**Work instruction**
Your answer should hold exactly the lines below from the line with "regimens in 1995" through the line with "Některá bakteriální exantémová", both included, and no pictures at all.

**Short text fragments from websites**

>>>>>

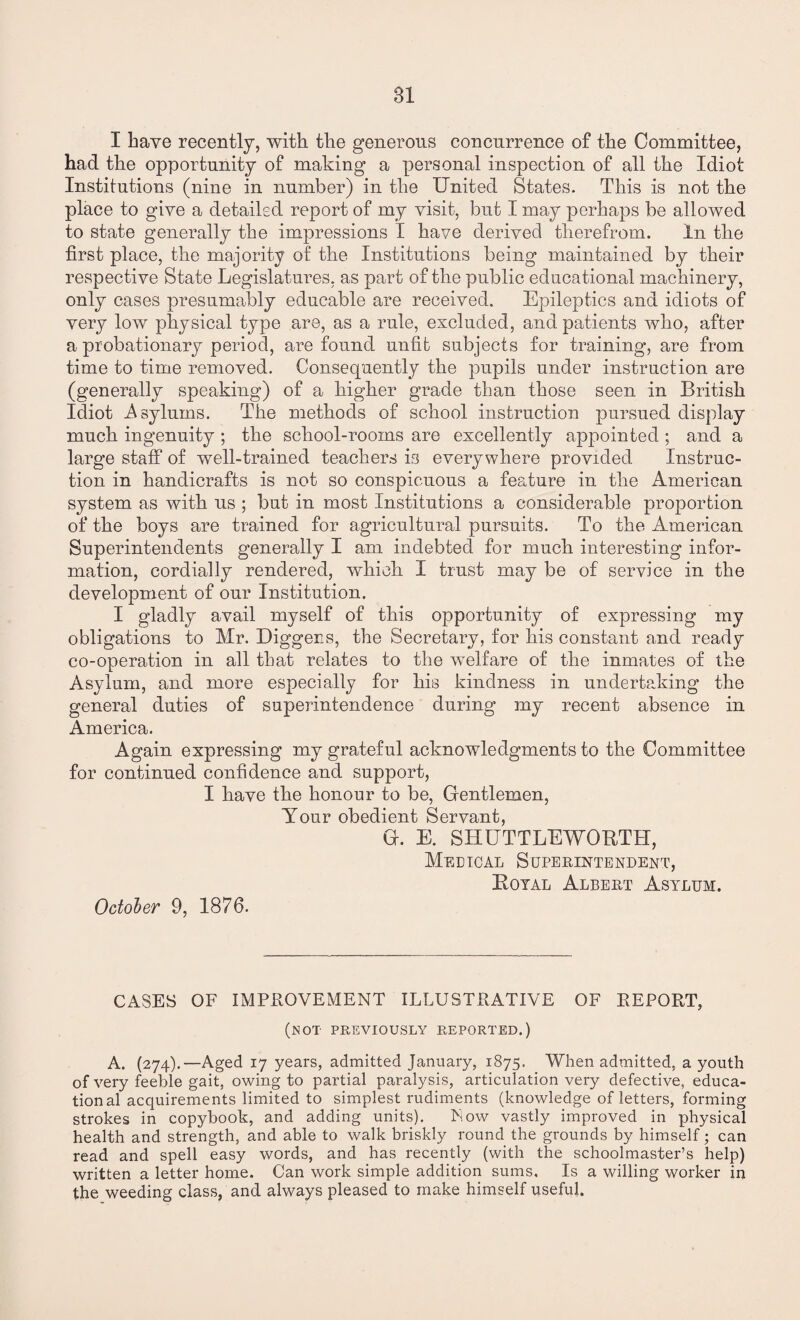 I have recently, with the generous concurrence of the Committee, had the opportunity of making a personal inspection of all the Idiot Institutions (nine in number) in the United States. This is not the place to give a detailed report of my visit, but I may perhaps be allowed to state generally the impressions I have derived therefrom. In the first place, the majority of the Institutions being maintained by their respective State Legislatures, as part of the public educational machinery, only cases presumably educable are received. Epileptics and idiots of very low physical type are, as a rule, excluded, and patients who, after a probationary period, are found unfit subjects for training, are from time to time removed. Consequently the pupils under instruction are (generally speaking) of a higher grade than those seen in British Idiot .Asylums. The methods of school instruction pursued display much ingenuity ; the school-rooms are excellently appointed ; and a large staff of well-trained teachers is everywhere provided Instruc¬ tion in handicrafts is not so conspicuous a feature in the American system as with us ; but in most Institutions a considerable proportion of the boys are trained for agricultural pursuits. To the American Superintendents generally I am indebted for much interesting infor¬ mation, cordially rendered, which I trust may be of service in the development of our Institution. I gladly avail myself of this opportunity of expressing my obligations to Mr. Diggers, the Secretary, for his constant and ready co-operation in all that relates to the welfare of the inmates of the Asylum, and more especially for his kindness in undertaking the general duties of superintendence during my recent absence in America. Again expressing my grateful acknowledgments to the Committee for continued confidence and support, I have the honour to be, Gentlemen, Your obedient Servant, G. E. SHUTTLEWORTH, Medical Superintendent, Royal Albert Asylum. October 9, 1876. CASES OF IMPROVEMENT ILLUSTRATIVE OF REPORT, (not previously reported.) A. (274).—Aged 17 years, admitted January, 1875. When admitted, a youth of very feeble gait, owing to partial paralysis, articulation very defective, educa¬ tional acquirements limited to simplest rudiments (knowledge of letters, forming strokes in copybook, and adding units). Now vastly improved in physical health and strength, and able to walk briskly round the grounds by himself; can read and spell easy words, and has recently (with the schoolmaster’s help) written a letter home. Can work simple addition sums. Is a willing worker in the weeding class, and always pleased to make himself useful.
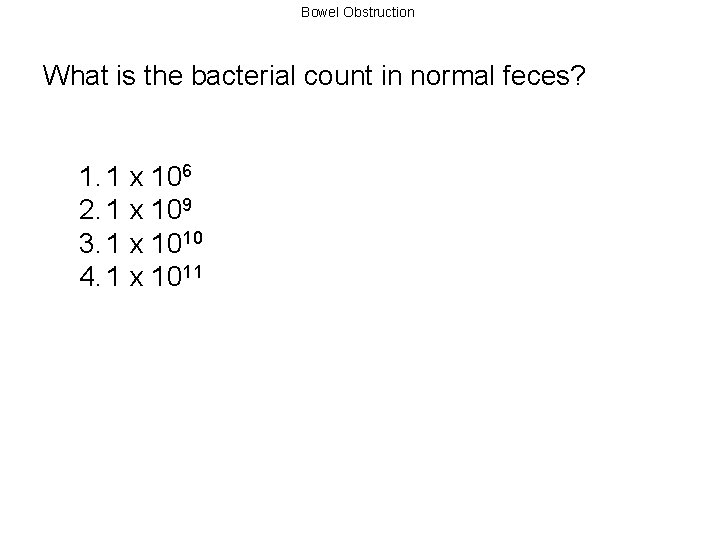 Bowel Obstruction What is the bacterial count in normal feces? 1. 1 x 106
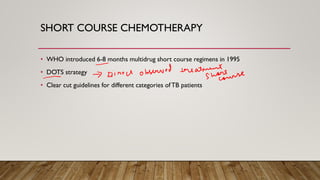 SHORT COURSE CHEMOTHERAPY
• WHO introduced 6-8 months multidrug short course regimens in 1995
• DOTS strategy
• Clear cut guidelines for different categories ofTB patients
 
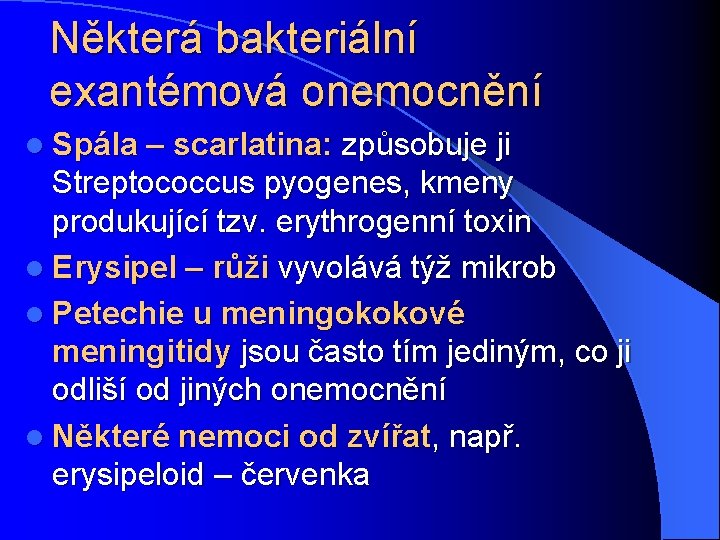 Některá bakteriální exantémová onemocnění l Spála – scarlatina: způsobuje ji Streptococcus pyogenes, kmeny produkující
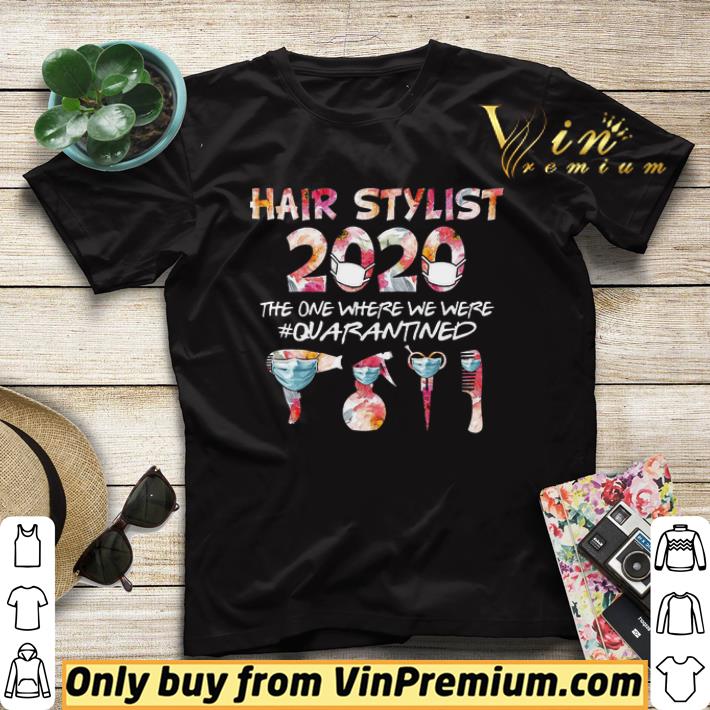 c349ba3f hair stylist 2020 the one where we were quarantined coronavirus shirt sweater 4 - Hair Stylist 2020 The One Where We Were Quarantined Coronavirus shirt sweater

<<<<<

**Exercise solution**
• WHO introduced 6-8 months multidrug short course regimens in 1995
• DOTS strategy
• Clear cut guidelines for different categories ofTB patients
 
 Některá bakteriální exantémová onemocnění l Spála – scarlatina: způsobuje ji Streptococcus pyogenes, kmeny produkující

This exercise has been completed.